Texte publié dans le catalogue de l’exposition solo Fragments de Najet Dhahbi, galerie Musk&Amber, 2023

Quand elle dessine, ses traits, tantôt fins, parfois larges, sont vifs, incisifs. Se déclinant généralement en blanc ou en noir, ils négocient l’espace à des plages de couleurs, dont les gammes varient sur un large spectre. On peut y admirer les accords, parfois inattendus, entre des bleus outremer saturés, des gris colorés, des ocres, évoluant, par endroits, à ce qu’on peut éventuellement « entendre » comme autant de « cris » rouge vif.

Le pinceau de Najet Dhahbi, parce qu’il montre le mouvement des gestes, exalte les matières, se montre lui-même par les traces qu’il appose sur la toile ; en somme, parce que c’est fondamentalement un « traceur », plus qu’un lécheur de surfaces, est résolument moderne.

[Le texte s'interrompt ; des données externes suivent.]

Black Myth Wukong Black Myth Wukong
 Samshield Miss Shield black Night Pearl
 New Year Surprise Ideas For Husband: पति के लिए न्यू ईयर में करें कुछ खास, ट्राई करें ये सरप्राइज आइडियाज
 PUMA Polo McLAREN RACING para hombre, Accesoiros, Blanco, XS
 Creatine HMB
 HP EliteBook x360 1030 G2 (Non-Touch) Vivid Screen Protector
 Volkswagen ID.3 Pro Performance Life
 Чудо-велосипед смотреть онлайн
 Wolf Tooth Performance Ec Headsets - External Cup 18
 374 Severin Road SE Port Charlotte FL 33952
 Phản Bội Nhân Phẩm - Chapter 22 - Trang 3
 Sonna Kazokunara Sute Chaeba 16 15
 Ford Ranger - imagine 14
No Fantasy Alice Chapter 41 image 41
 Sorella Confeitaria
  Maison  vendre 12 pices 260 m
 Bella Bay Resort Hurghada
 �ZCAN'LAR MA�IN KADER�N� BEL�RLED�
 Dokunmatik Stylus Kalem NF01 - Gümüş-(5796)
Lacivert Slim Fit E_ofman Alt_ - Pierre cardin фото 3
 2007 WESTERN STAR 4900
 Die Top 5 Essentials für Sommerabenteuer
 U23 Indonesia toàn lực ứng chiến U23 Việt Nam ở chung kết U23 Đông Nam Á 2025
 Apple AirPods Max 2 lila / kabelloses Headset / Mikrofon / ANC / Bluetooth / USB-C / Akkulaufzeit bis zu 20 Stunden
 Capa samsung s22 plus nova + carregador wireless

Ses tableaux, parce qu’ayant cette spécificité de se deviner dans la temporalité de leur exécution ; parce que, comme autant de palimpsestes, ils laissent voir la succession des différentes strates qui les forment, allant du grain du support-toile jusqu’à la dernière touche, nous invitent à méditer l’œuvre du point de vue de sa genèse. Ils re-posent donc forcément la question de l’art du point de vue de la poïèsis.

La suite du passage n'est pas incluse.